Stiglitz is, of course, absolutely right.

DSGE models are worse than useless — and still, mainstream economists seem to be impressed by the ‘rigour’ brought to macroeconomics by New-Classical-New-Keynesian DSGE models and its rational expectations and microfoundations!

It is difficult to see why.

Take the rational expectations assumption. Rational expectations in the mainstream economists’ world imply that relevant distributions have to be time independent. This amounts to assuming that an economy is like a closed system with known stochastic probability distributions for all different events. In reality, it is straining one’s beliefs to try to represent economies as outcomes of stochastic processes. An existing economy is a single realization tout court, and hardly conceivable as one realization out of an ensemble of economy-worlds since an economy can hardly be conceived as being completely replicated over time. It is — to say the least — very difficult to see any similarity between these modelling assumptions and the expectations of real persons. In the world of the rational expectations hypothesis, we are never disappointed in any other way than as when we lose at the roulette wheels. But real life is not an urn or a roulette wheel. And that’s also the reason why allowing for cases where agents make ‘predictable errors’ in DSGE models doesn’t take us any closer to a relevant and realist depiction of actual economic decisions and behaviours. If we really want to have anything of interest to say on real economies, financial crisis and the decisions and choices real people make we have to replace the rational expectations hypothesis with more relevant and realistic assumptions concerning economic agents and their expectations than childish roulette and urn analogies.
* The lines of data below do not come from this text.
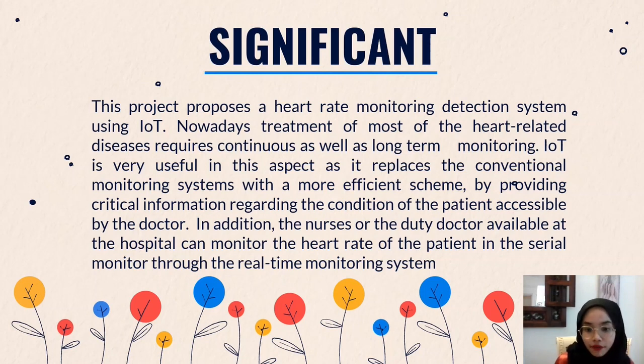In this project, I have provided a ThingSpeak website which the user, doctor, or anyone can actually monitor their heart rate anytime or anywhere they want.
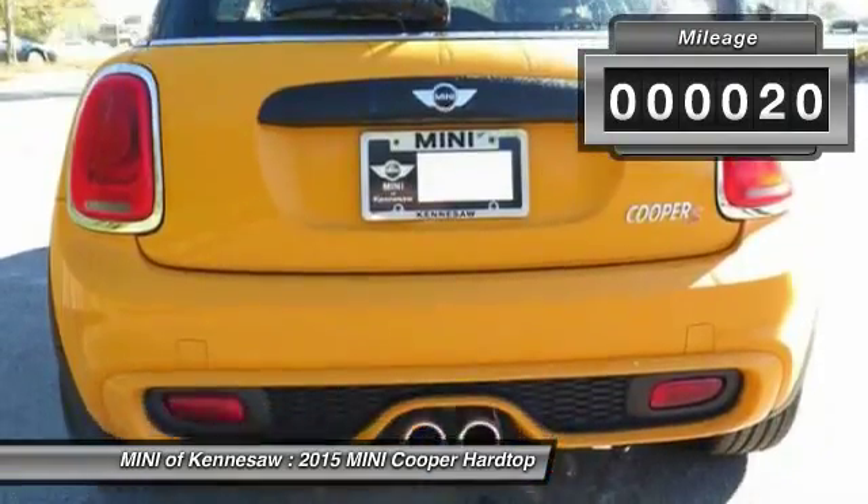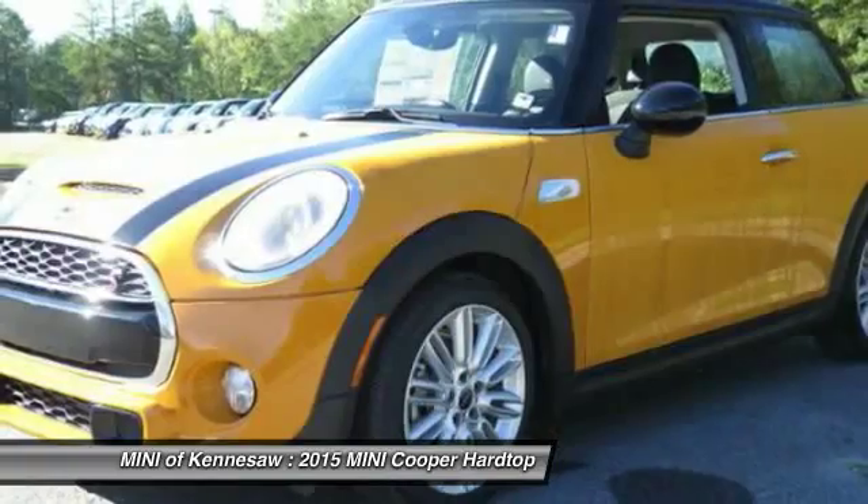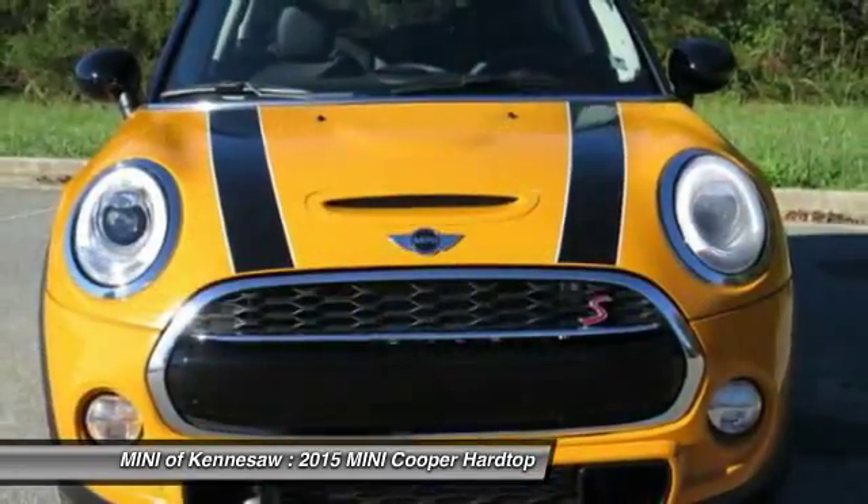This vehicle has less than 100 miles. Take this vehicle for a spin and see why so many shoppers are now proud owners.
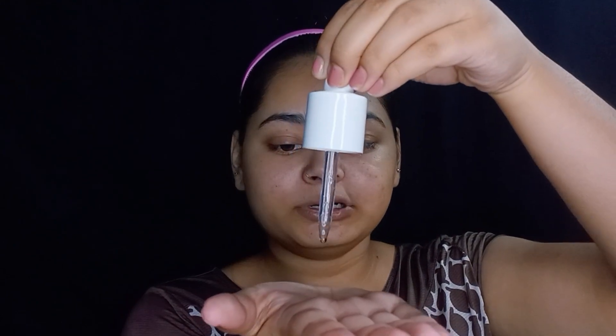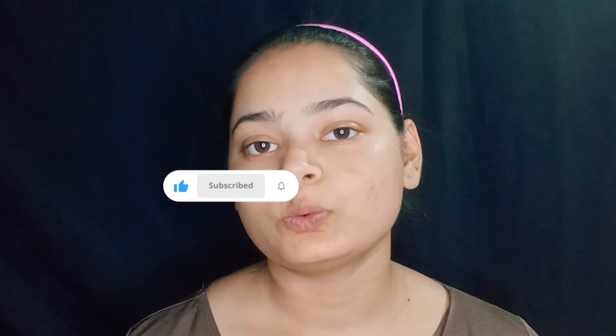I take 2 to 3 drops onto my palm and apply it to my face using my fingers. I don't rub it — rubbing reduces the effect of Vitamin C. I also apply any residue product on my neck. After that, I wait 1 minute for the serum to absorb into my skin.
Or take the consumption model built into the DSGE models that Stiglitz criticises. There, people are basically portrayed as treating time as a dichotomous phenomenon – today and the future — when contemplating making decisions and acting. How much should one consume today and how much in the future? Facing an intertemporal budget constraint of the form

ct + cf/(1+r) = ft + yt + yf/(1+r),

where ct is consumption today, cf is consumption in the future, ft is holdings of financial assets today, yt is labour incomes today, yf is labour incomes in the future, and r is the real interest rate, and having a lifetime utility function of the form

U = u(ct) + au(cf),

where a is the time discounting parameter, the representative agent (consumer) maximizes his utility when

u´(ct) = a(1+r)u´(cf).

This expression – the Euler equation – implies that the representative agent (consumer) is indifferent between consuming one more unit today or instead consuming it tomorrow. Typically using a logarithmic function form – u(c) = log c – which gives u´(c) = 1/c, the Euler equation can be rewritten as

1/ct = a(1+r)(1/cf),

or

cf/ct = a(1+r).

This importantly implies that according to the neoclassical consumption model that changes in the (real) interest rate and the ratio between future and present consumption move in the same direction.

So good, so far. But how about the real world? Is the neoclassical consumption as described in this kind of models in tune with the empirical facts? Hardly — the data and models are as a rule inconsistent!

In the Euler equation, we only have one interest rate, equated to the money market rate as set by the central bank. The crux is that — given almost any specification of the utility function – the two rates are actually often found to be strongly negatively correlated in the empirical literature. The data on returns and aggregate consumption simply are inconsistent with the DSGE models.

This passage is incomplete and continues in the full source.